No statistical sampling method will be used.
Procedures for the Collection of Information
Information will be collected from awardees on an annual basis. Awardees will report progress on their work plan objectives, activities, and performance measures. Two tools have been developed to collect this information: an Excel-based Work Plan Tool (Attachment 4a) and an Excel-based Budget Tool (Attachment 4b). Awardees will submit their continuation application for funding, which will include completed Excel spreadsheets, tailored for their specific work plans, and Word documents by uploading them at www.grants.gov on an annual basis. Instructions and training will be provided to users for completing the templates.
Upon receipt of information from each awardee, CDC’s contractor will enter the information into an Access database. The database will only be available to authorized CDC program staff and contractors. Responses will be stored on secure network servers subject to the agency’s computer security measures. CDC staff will have the capacity to query the database to extract individual or aggregate awardee-related data. CDC staff will generate reports for each of their assigned states on an annual basis.

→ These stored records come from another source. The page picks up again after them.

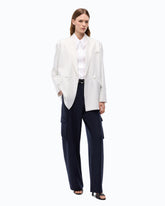 Veste croisée oversize à strass - | Pinko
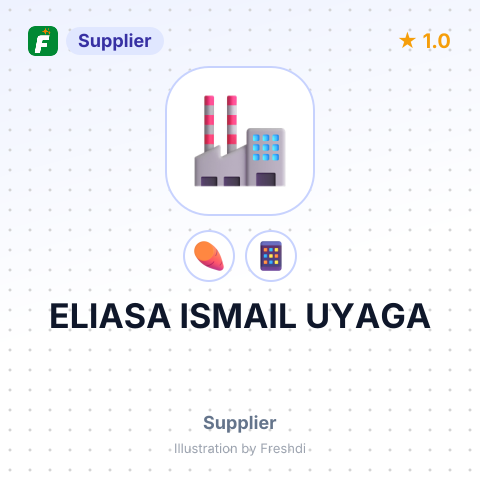 ELIASA ISMAIL UYAGA – summary card, no photo uploaded yet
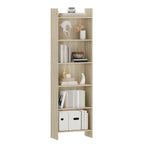 Hzuaneri Bookcase, Shelf, Standing Shelf, Office Shelf, with 6 Compartments, Open, for Living Room, Study, Office, Room Divider, 24 x 48 x 170 cm, Oak Beige BC01116X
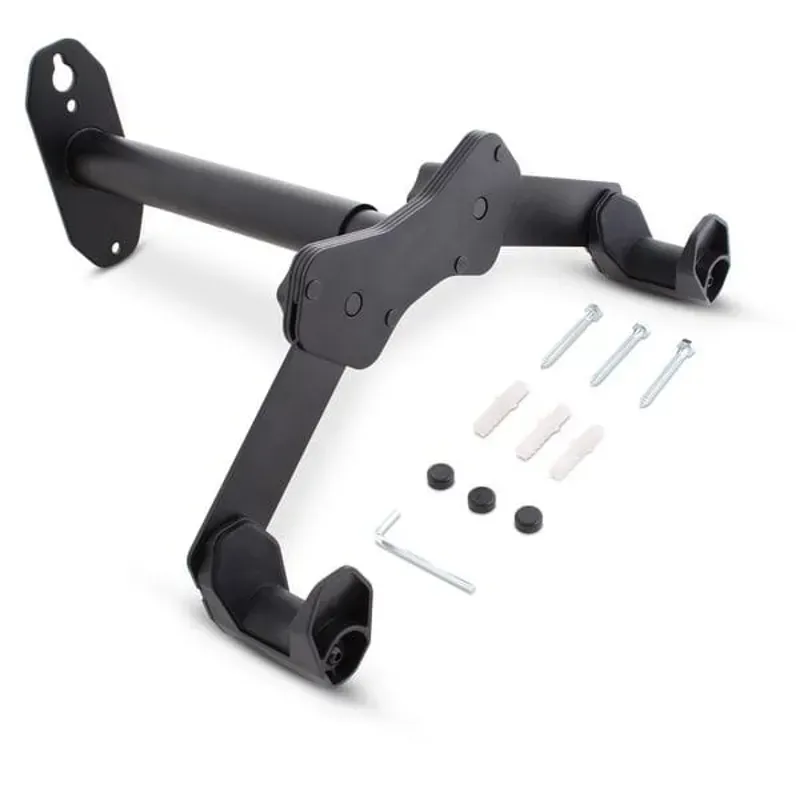 M Part Wall Mounted Horizonal Bike Rack in Black-1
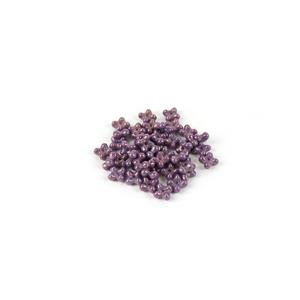 Preciosa White Alabaster Lila Vega Lustre Spin Beads Approx 4x7mm (50pcs)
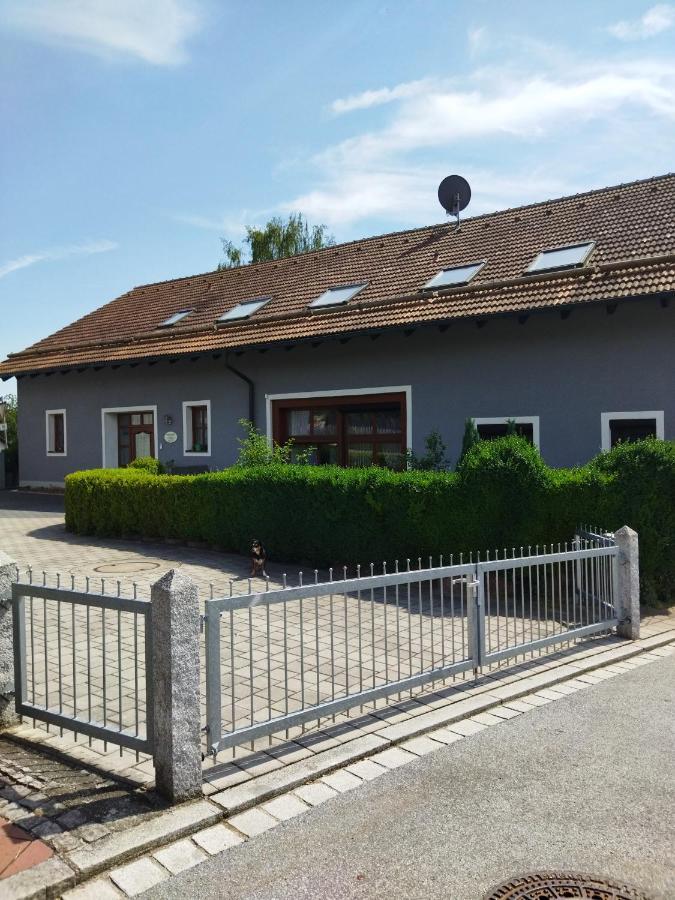 Aussergewoehnliche Atelierferienwohnung Mit Balkon An Der Donau Winzer Eksteriør billede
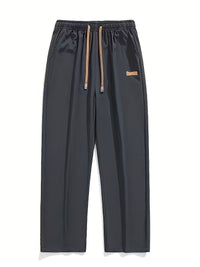Gene Contrast Drawstring Wide Leg Trousers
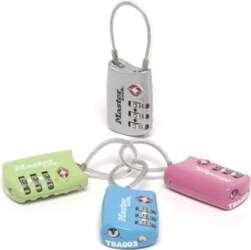 Master Lock Combination Luggage Lock Color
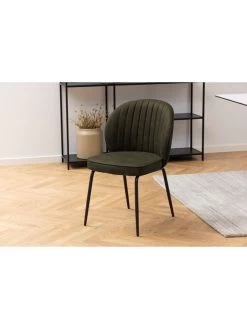 2-delige Set: Eetkamerstoelen "Patricia" Groen - (B)47 X (H)82 X (D)44 Cm -Home Uitgebreid Winkel ac design 2 delige set eetkamerstoelen patricia groen b 47 x h 82 x d 44 cm 8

Methods to Maximize Response Rates and Deal with Nonresponse
Annual reports are a requirement for each state department of health awarded in order to continue to funding. Hence, response rates are expected to be 100%.
Test of Procedures or Methods to be Undertaken
Beta-testing of the Workplan tool and Budget Tool with no more than nine awardees from select states will occur prior to full scale implementation of the reporting tool for annual data collection with all awardees. CDC staff will send the Work Plan Tool and Budget Tool with an explanatory email to pilot testers. CDC staff will also train testers on collecting information using the tools. Beta-testing will assess the content of the reporting tools, the design of the tool including skip patterns and drop-down menus, the time needed to complete the tool and the ease of completing the tool. Awardees and will provide feedback via completion of a questionnaire and limited participation in focus groups.
Individuals Consulted on Statistical Aspects and Individuals Collecting and/or Analyzing Data
A workgroup has been established to assist in the development of the reporting tool. The CDC members provided input on content, functionality, and usability of the database, and work with the contractor in the design of the tool.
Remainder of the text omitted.